§ Exercise goal: Output the listing below exactly, minus its images.

§ Given information:
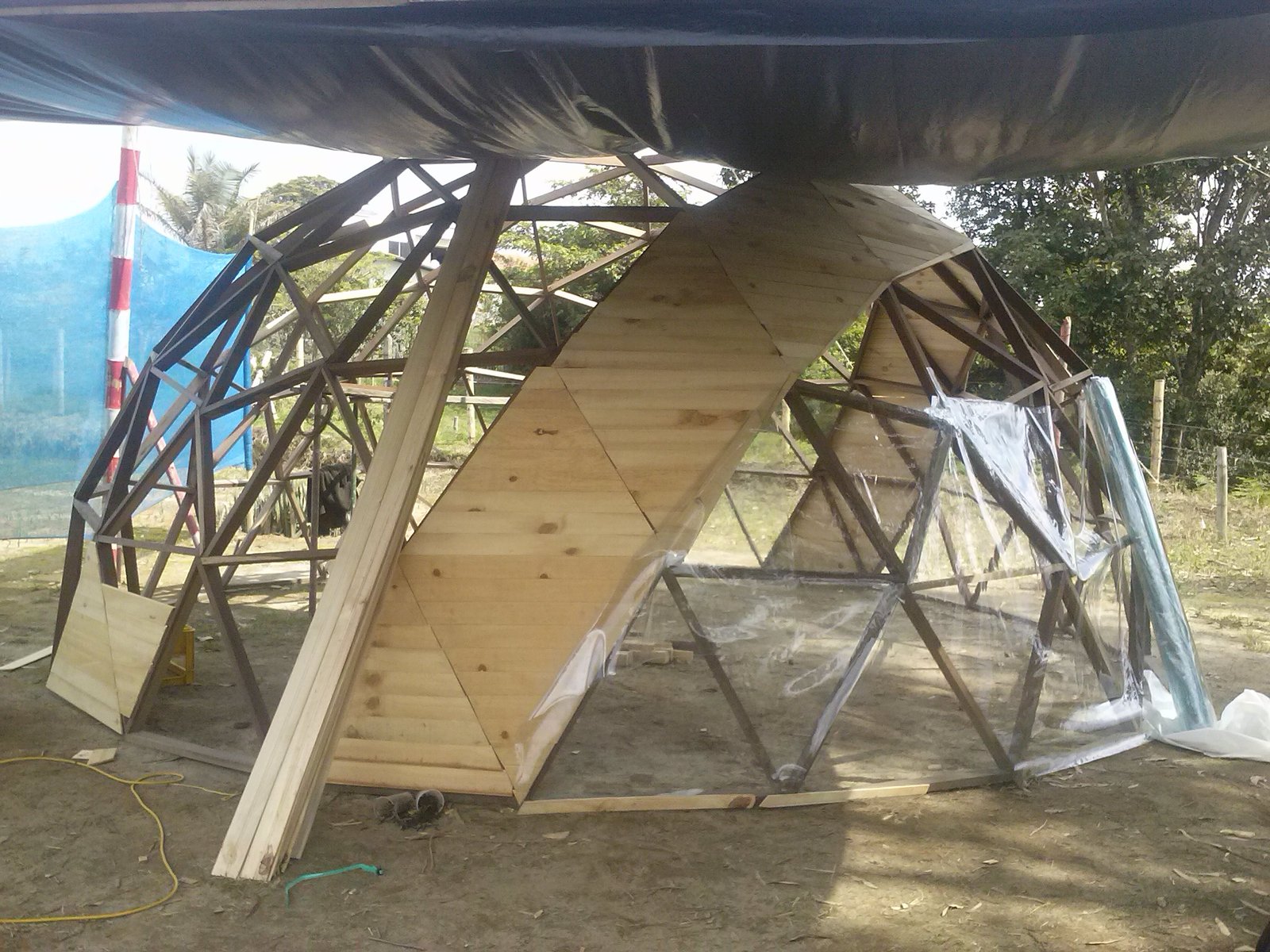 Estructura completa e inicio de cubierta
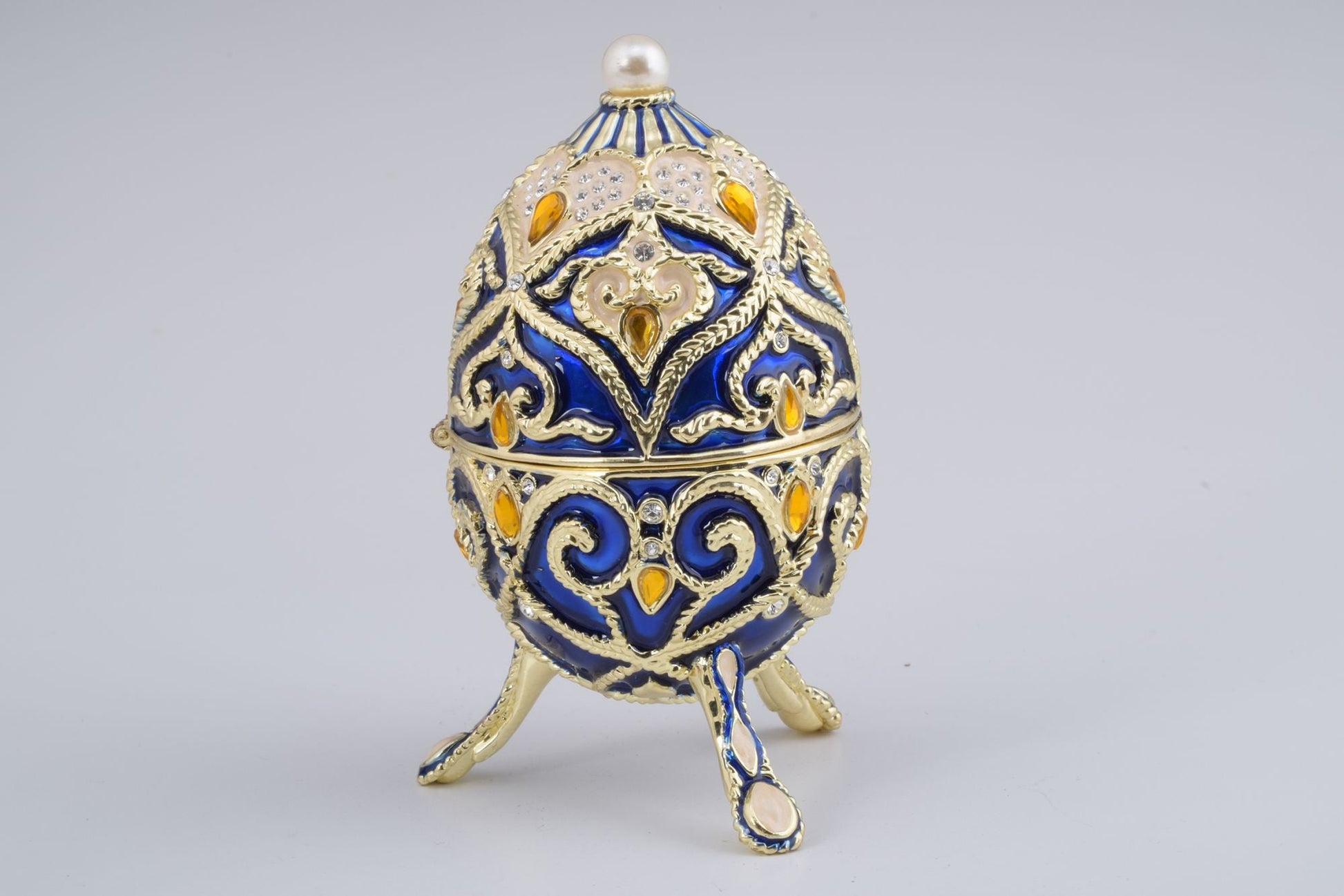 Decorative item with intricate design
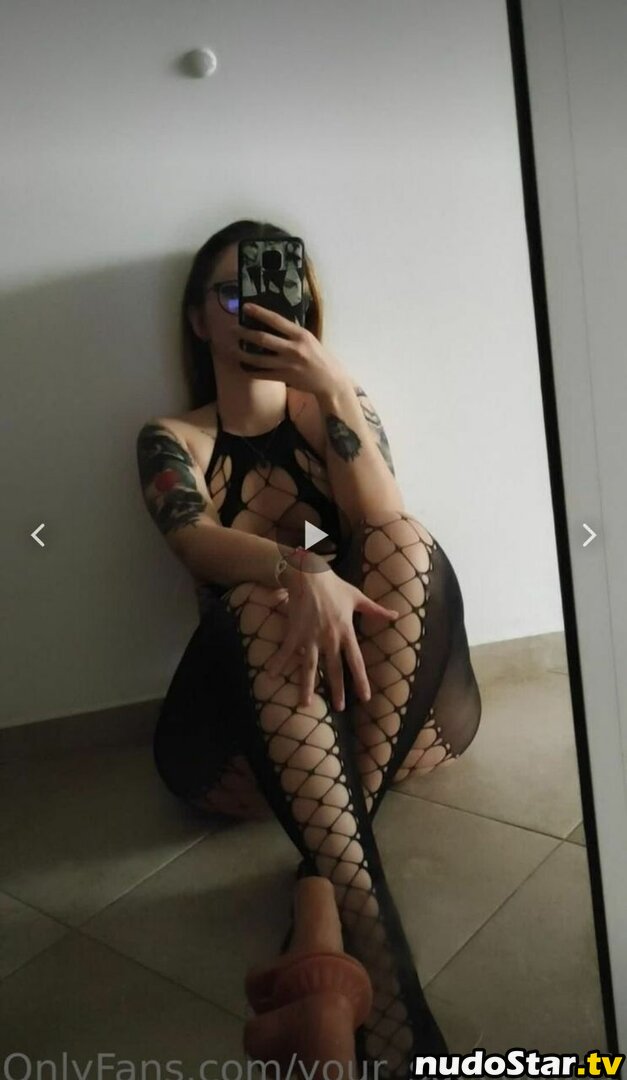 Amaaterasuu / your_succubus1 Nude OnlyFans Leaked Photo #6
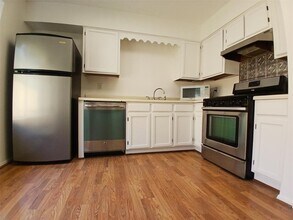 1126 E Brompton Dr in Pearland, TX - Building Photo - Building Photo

§ Reply:
 Estructura completa e inicio de cubierta
 Decorative item with intricate design
 Amaaterasuu / your_succubus1 Nude OnlyFans Leaked Photo #6
 1126 E Brompton Dr in Pearland, TX - Building Photo - Building Photo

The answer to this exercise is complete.